These critical problems derive from the contradictions which multiply at the meeting of art and politics. I would have liked to have seen more consideration of such contradictions in Strike Art.

In John Roberts’s recent book Revolutionary Time and the Avant-garde he emphasizes the discontinuity between what he terms the suspensive avant-garde, and political activism. The adisciplinary, and theoretical research project of the avant-garde, while it is embedded in politics ‘cannot submit itself completely…to the tactical exigencies of political praxis’. For Roberts:
‘In its heteronomous encounter with capital, art must offer a place, a memory, a set of relations, modes of cognition and learning and mapping, that provides a different space of encounter between art, praxis and truth – a place that sustains an open and reflective encounter between art and the totalizing critique of capitalism.’ (35).

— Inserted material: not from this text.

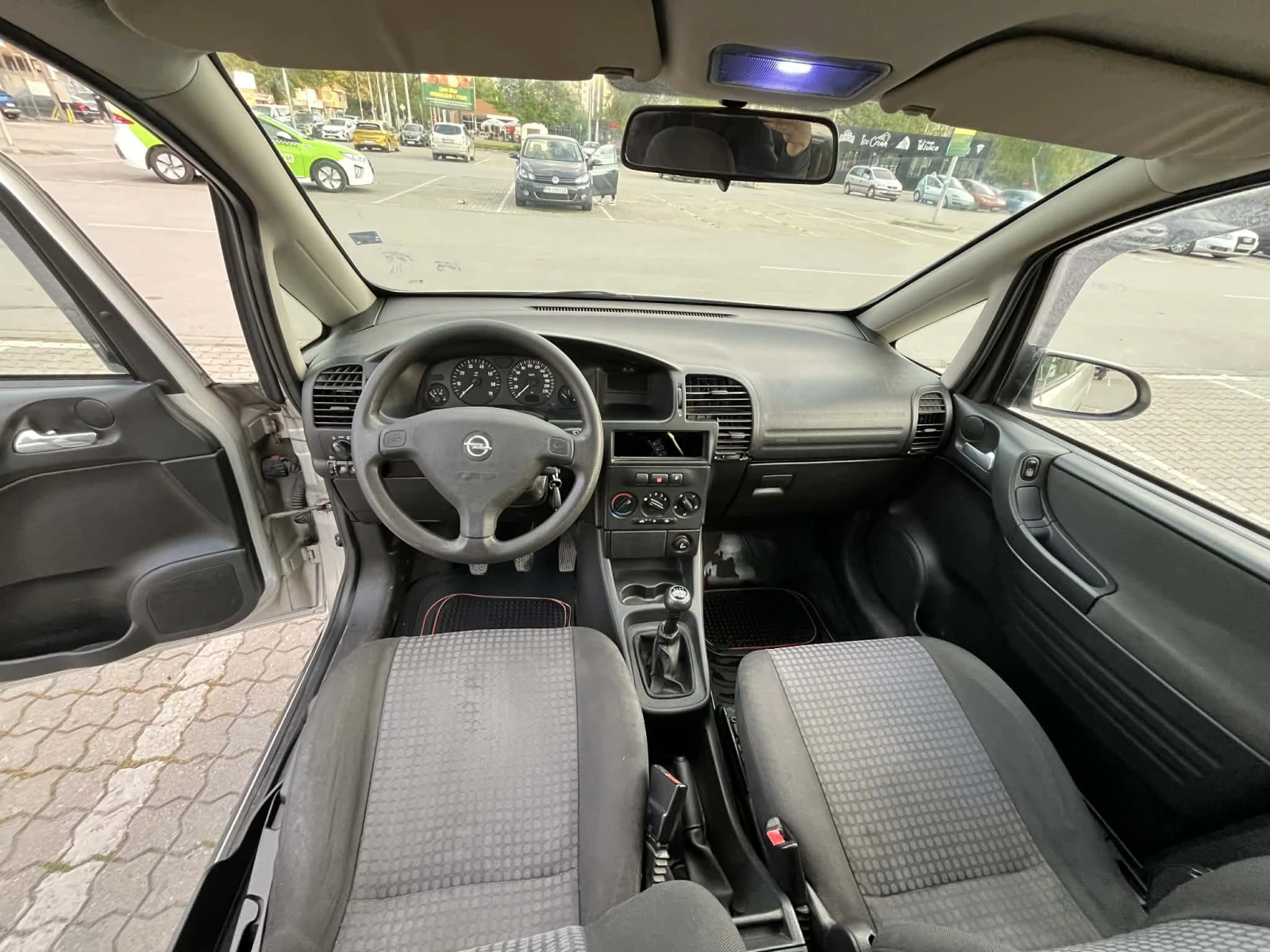 Opel Zafira 1, 6 Фабричен метан, снимка 9 - Автомобили и джипове - 54623545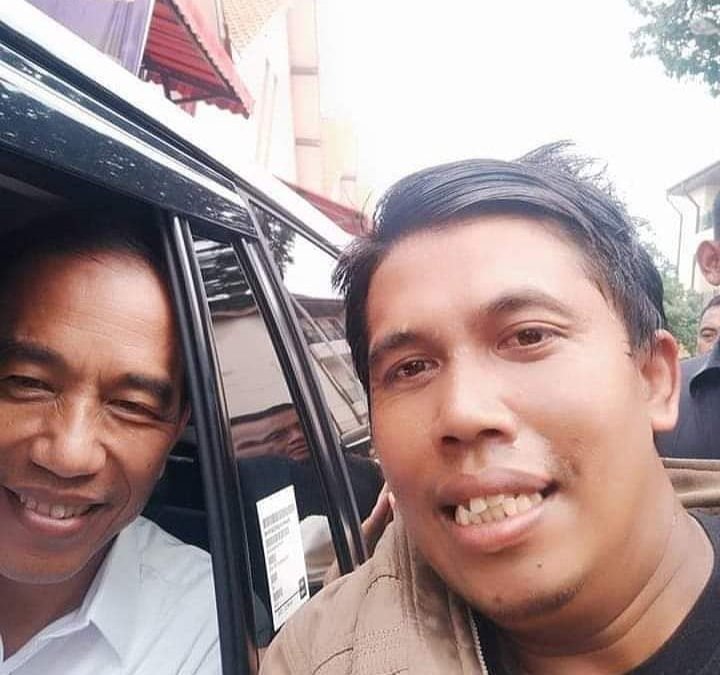 PriyoSayur's tweet photo. Pak Presiden RI Bpk @jokowi Selalu sehat panjang umur Sukses dan berkah Membangun Indonesia. Kapan bisa Bertemu Lagi🙏🙏 https://t.co/2NvYNhTENY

Now, there is no reason why Mckee should agree with this, or any of the artists that he discusses for that matter. However, Roberts’ reading of the avant-garde at least raises some of the intractable problems that continue to exist in the difficult terrain that the artists considered in Strike Art inhabit. Their work is important, often inspiring – and it is worth reiterating that the detailed consideration of this work in Strike Art is its strength. But the theoretical framing, and the consideration of the problem of the art institution in particular, are less satisfying for me.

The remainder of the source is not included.